Start of Block
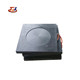 Lifting equipment pad crane pad crane sleeper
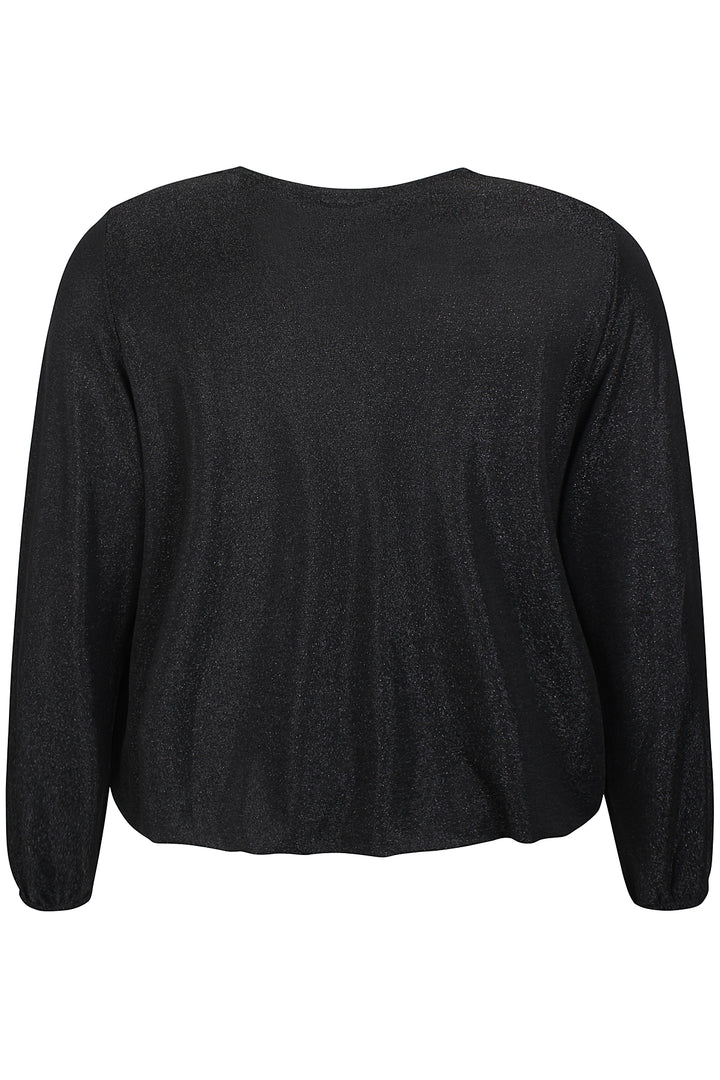 ZH - Toby 1113 - Blouse - Black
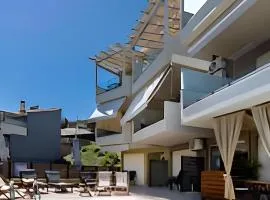 Melodia Lefkada Apartment 3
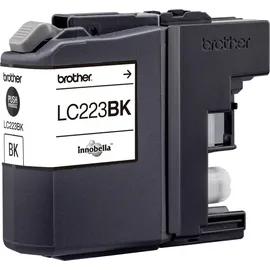 Brother LC-223BK schwarz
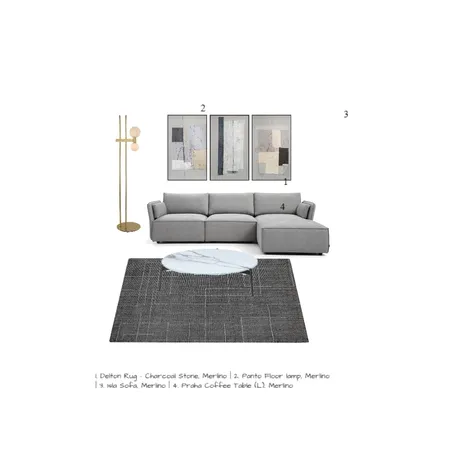 bos the Interior Design Mood Board by despina design on Style Sourcebook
End of Block
### Problem details
In transcribing the records, omit the pictures and keep everything else exactly as it appears.

### Exercise result
 Lifting equipment pad crane pad crane sleeper
 ZH - Toby 1113 - Blouse - Black
 Melodia Lefkada Apartment 3
 Brother LC-223BK schwarz
 bos the Interior Design Mood Board by despina design on Style Sourcebook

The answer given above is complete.